ABOUT THIS TASK =
Repeat the data below in full. Pictures must not be part of the copy.

RAW DATA =
────────────────────

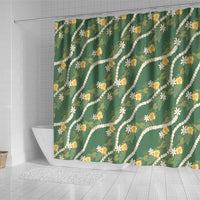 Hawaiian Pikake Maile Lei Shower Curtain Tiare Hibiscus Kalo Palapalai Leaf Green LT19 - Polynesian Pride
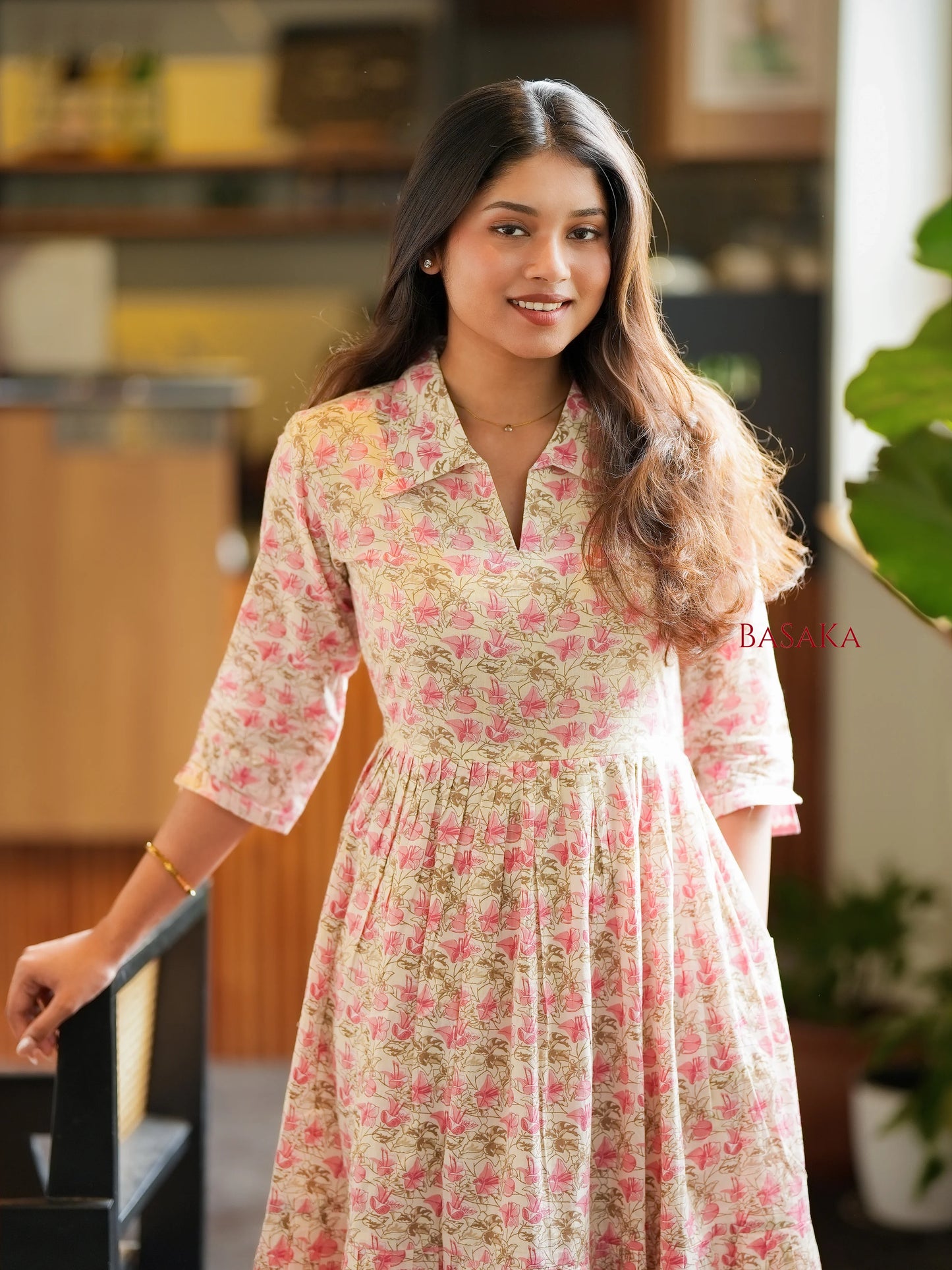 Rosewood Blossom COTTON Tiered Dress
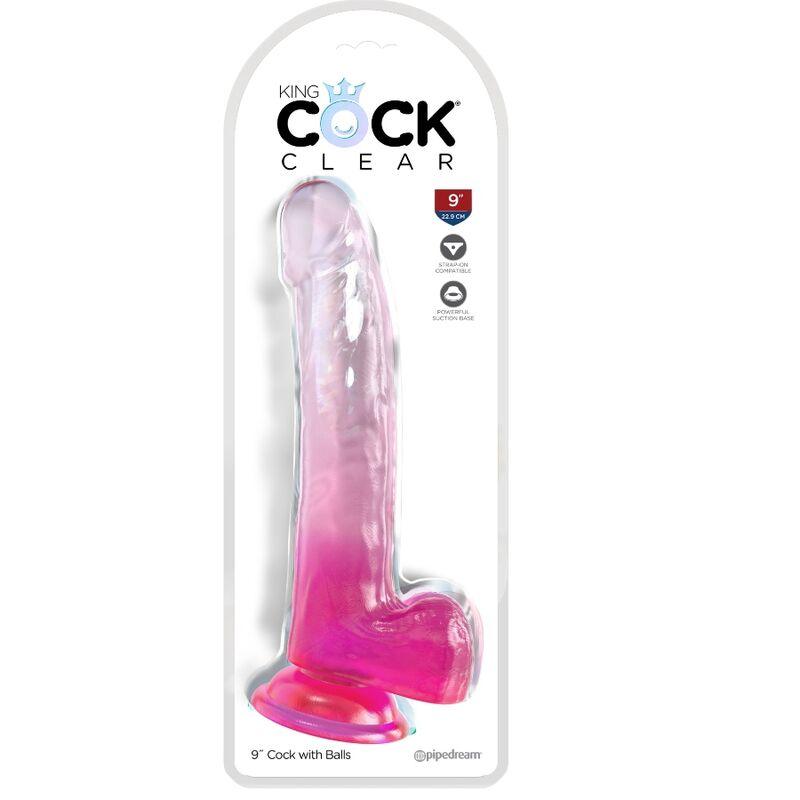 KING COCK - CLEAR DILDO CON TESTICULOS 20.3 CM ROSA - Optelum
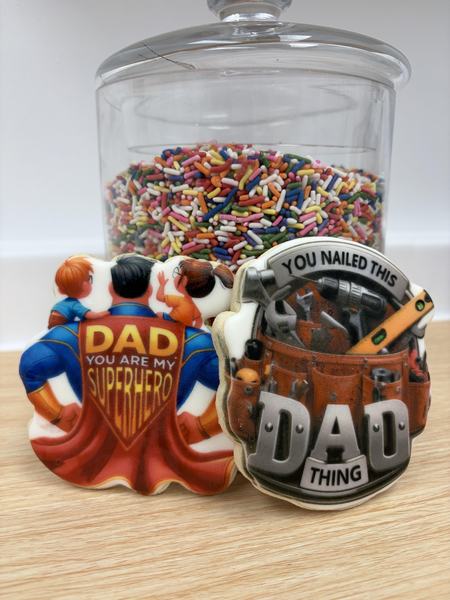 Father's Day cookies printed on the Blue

────────────────────

OUTPUT =
 Hawaiian Pikake Maile Lei Shower Curtain Tiare Hibiscus Kalo Palapalai Leaf Green LT19 - Polynesian Pride
 Rosewood Blossom COTTON Tiered Dress
 KING COCK - CLEAR DILDO CON TESTICULOS 20.3 CM ROSA - Optelum
 Father's Day cookies printed on the Blue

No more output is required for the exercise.